Parents can now sign up for a program that will alert them electronically the moment their child has been involved in a traffic stop with a Sheriff’s Office deputy.

Sheriffs Telling Our Parents and Promoting Educated Drivers, or S.T.O.P.P.E.D., is a voluntary program for parents who would like to be notified when their child-driver is pulled over. While the program has been around for nearly a decade, the Livingston County Sheriff’s Office is one of 2 in the state going all-electronic with S.T.O.P.P.E.D. How the program works is followed: A parent can go online to sign up and register any vehicle, whether it’s a car, boat, moped, ORV, or motorcycle that will be operated by any person under 21 years of age. They will then receive a sticker to place on the back windshield. In the event the young adult is pulled over, the deputy will see the sticker, and input the number into a program online, complete with the reason for the stop and space for any additional comment the officer may have. Upon completion, a text and/or e-mail is immediately sent to the parent notifying them of the incident.

Livingston County Sheriff Mike Murphy said one of the big ideas with the program is that it will help build accountability between the young driver and their parents. Murphy said that at the end of the day this will make it a little more difficult to hide a ticket or a warning, which probably never gets reported, from a parent, but that it’s really about more than that. He said it’s not about spying on kids, but rather about safe driving. Murphy continued, saying that the ability for a mom and dad to have a conversation with their kids if they get stopped is huge, and that it probably doesn’t happen enough.

The sheriff spoke during a kick-off event held Wednesday morning, on how kids aren’t always forthcoming with information about traffic stops, and that the ability for parents to have instant feedback and know right away that they’ve had interaction with law enforcement is “beautiful.” In the past, notification was done by standard mail, creating a large time lapse between when the child was stopped and when the parents were alerted. Now that they will know immediately, Murphy said parents can choose to say something right away when they get home, or they can choose to sit on that information and see if their child decides to come forward on their own.

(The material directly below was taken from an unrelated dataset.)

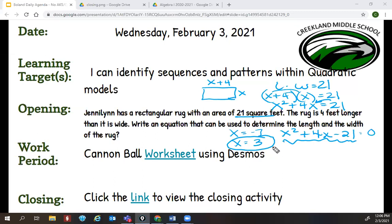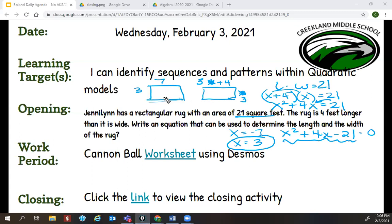Which value am I going to use? The positive one, because lengths and areas are not negative. So what do I do with that three? I plug it in for X. So I'm taking three and plugging it in for width and length. The width is going to be three and the length is going to be seven. And then you check it by doing three times seven, which is 21. So anytime you have an area problem about a rectangular shape or a rug and they give you the square feet, the square feet is area.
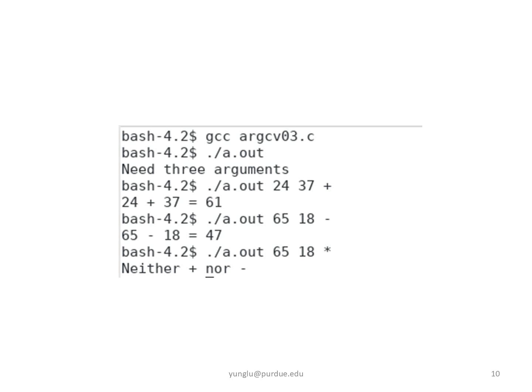This example shows how to use ARGC and ARGV to control the behavior of a program. Depending on the arguments, the program may add the two numbers, subtract the second number from the first number,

Blaine Koops, Executive Director of the Michigan Sheriff’s Association, said he believes that with S.T.O.P.P.E.D., they are on the cusp of a whole new way of doing law enforcement. Once the program is established locally, eventually he sees it rolling out to Sheriff’s Offices in all 83 counties, and then to the 600+ local police departments in Michigan.

State Representive Hank Vaupel of Fowlerville was at the kick-off event and praised it. Vaupel called it an outstanding program that helps law enforcement and parents teach children that they are accountable for what they do and that nothing is done in a vacuum.

The program was helped made possible by roughly $40,000 in donations from State Farm Insurance.